O valor pago aos docentes acreanos, no entanto, permanece abaixo da média nacional de remuneração inicial, que é de aproximadamente R$ 6.212. O estudo destaca um cenário de profunda desigualdade salarial no Brasil: enquanto o Acre luta para alcançar a média, estados como Mato Grosso do Sul lideram o ranking pagando R$ 13.007,12 no início da carreira — mais que o dobro do valor registrado em solo acreano.
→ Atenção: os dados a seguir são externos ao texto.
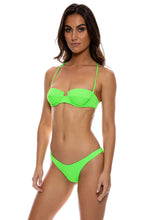 QUE SERA SERA - Sweetheart Balconette & High Leg Brazilian Bottom • Neon Lime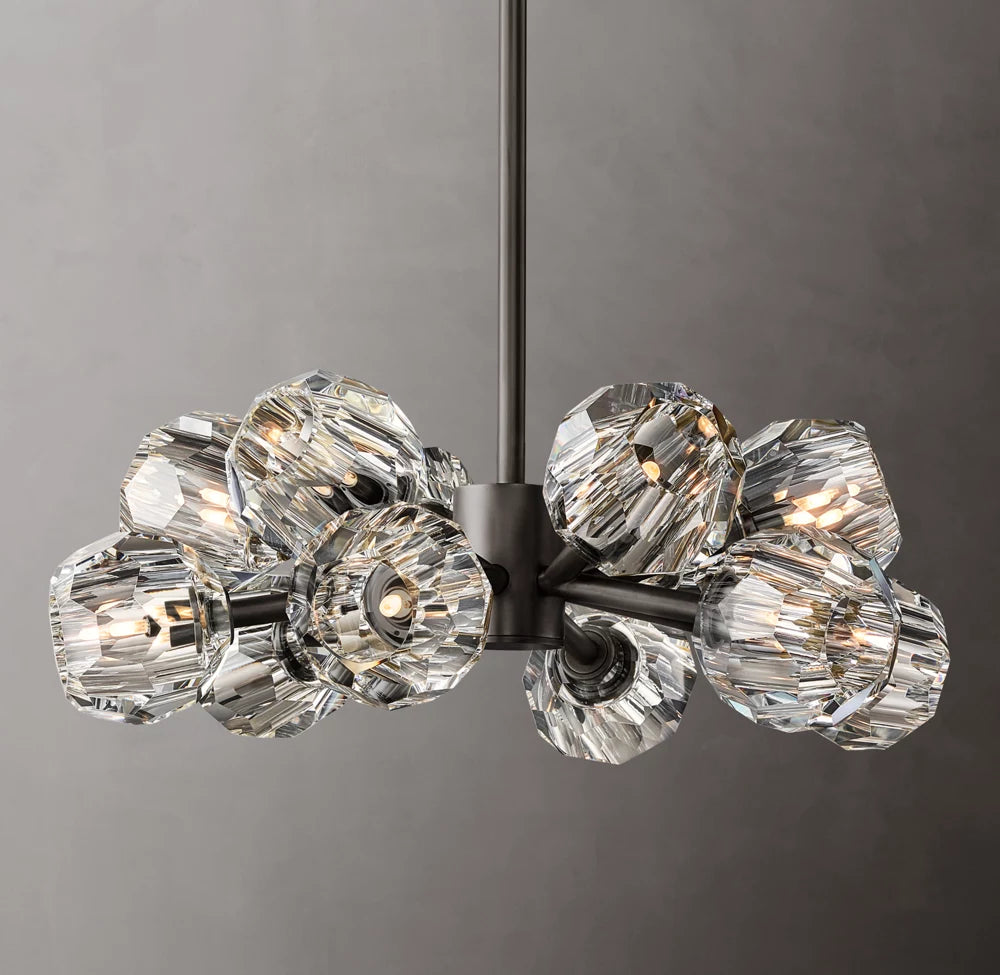 BOULE DE CRISTAL CLEAR GLASS ROUND CHANDELIER 24"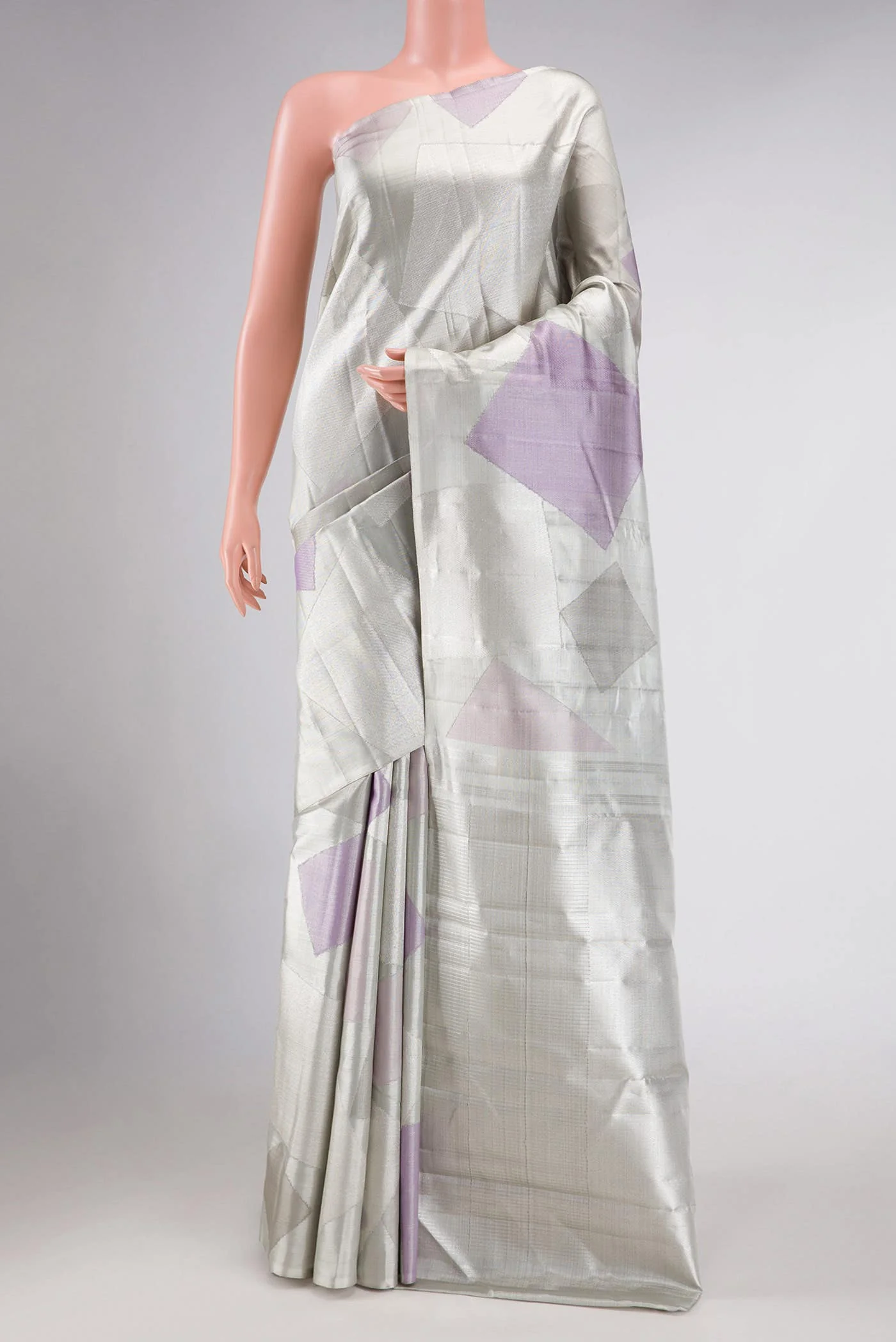 Grey Dual Tone Kanjivaram Tissue Silk Saree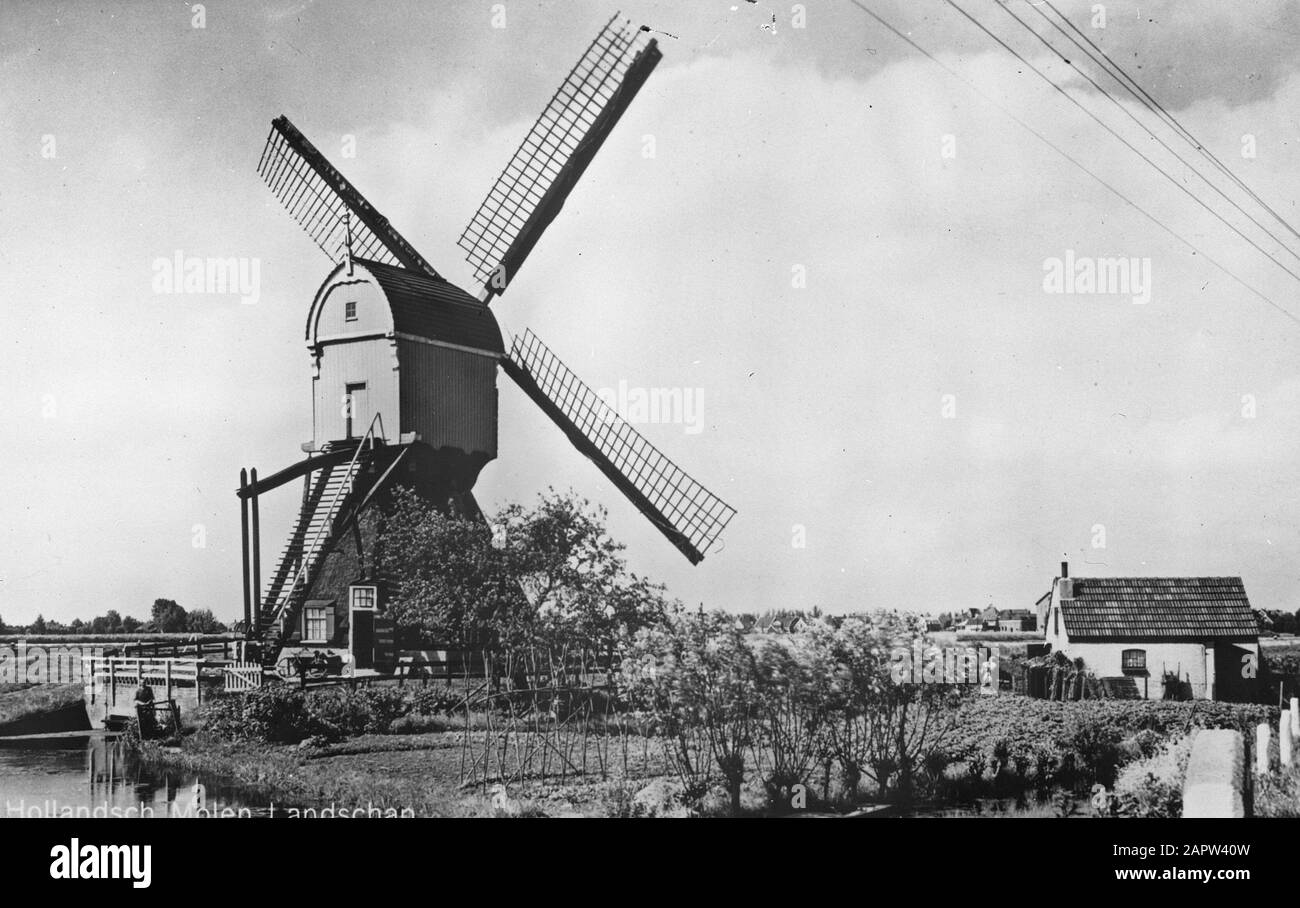 Wipmolen, nommé Vlietmolen à Lexmond Annotation:. Mill dispose d'une roue à épices et date du XVIIe siècle Date: Non dédrée lieu: Lexmond mots clés: Bâtiments agricoles modernes, moulins, maisons Banque D'Images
Na outra ponta da lista, estados como Rio de Janeiro e Minas Gerais apresentam os menores valores, pagando cerca de R$ 4.867, montante que equivale ao piso nacional do magistério. O levantamento, que não inclui gratificações ou benefícios adicionais, reforça o desafio das redes estaduais em equilibrar as contas públicas com a necessidade de valorização profissional para atrair novos talentos para as salas de aula.